● EXERCISE DETAILS: The records below hold a stretch from the line with "Product CHANEL Sunglasses 6035 Brown" through the line with "Nearly natural mini"; return exactly those lines, ends included, and nothing more.

● DATA FOR ANALYSIS:
*** Block opens ***

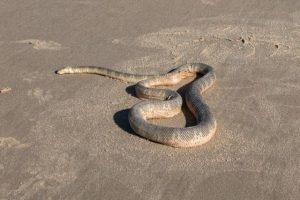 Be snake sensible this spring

*** Block closes ***
*** Block opens ***

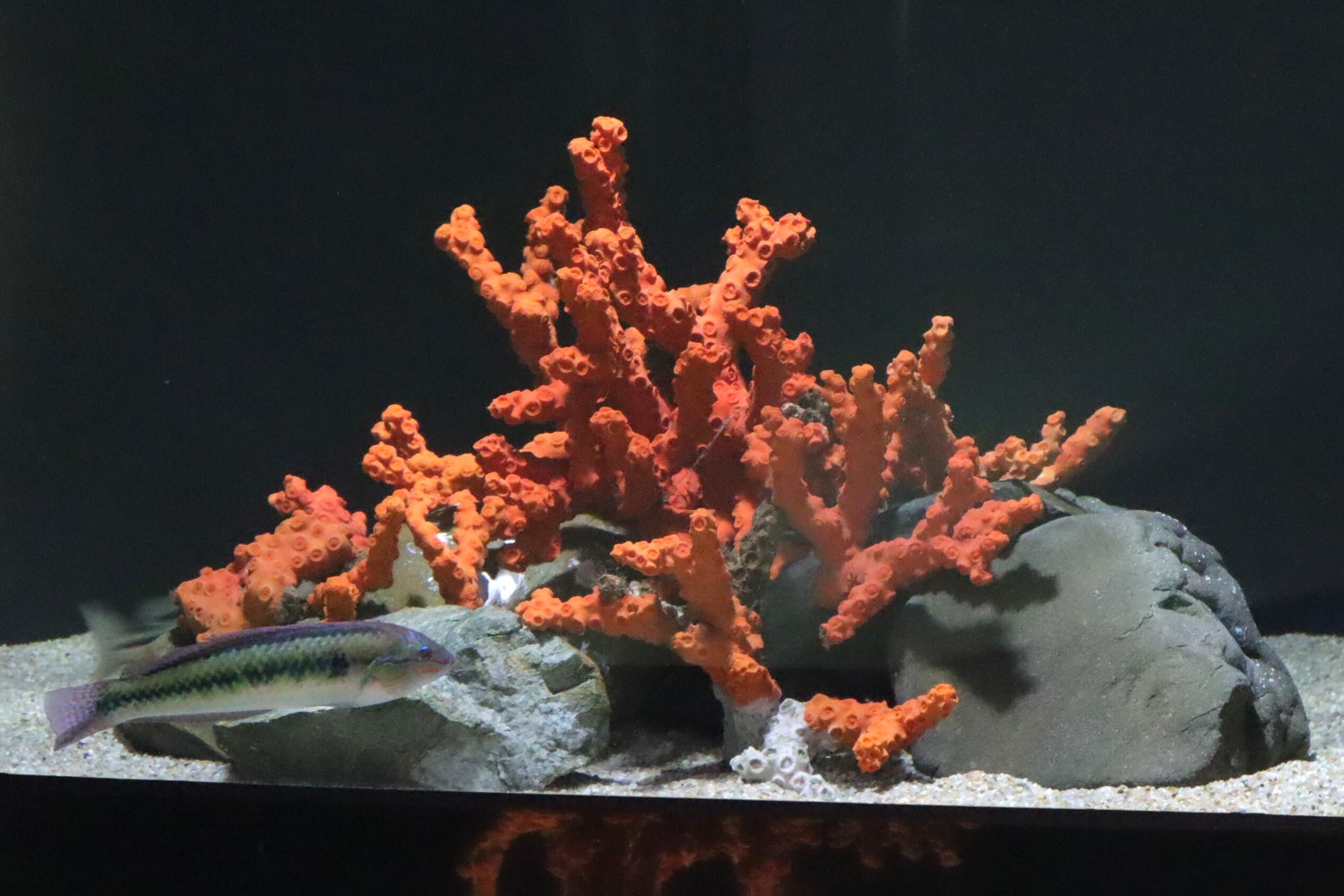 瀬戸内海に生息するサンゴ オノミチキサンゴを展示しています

*** Block closes ***
*** Block opens ***

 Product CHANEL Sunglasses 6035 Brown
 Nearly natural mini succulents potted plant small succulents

*** Block closes ***

● TASK RESPONSE:
 Product CHANEL Sunglasses 6035 Brown
 Nearly natural mini succulents potted plant small succulents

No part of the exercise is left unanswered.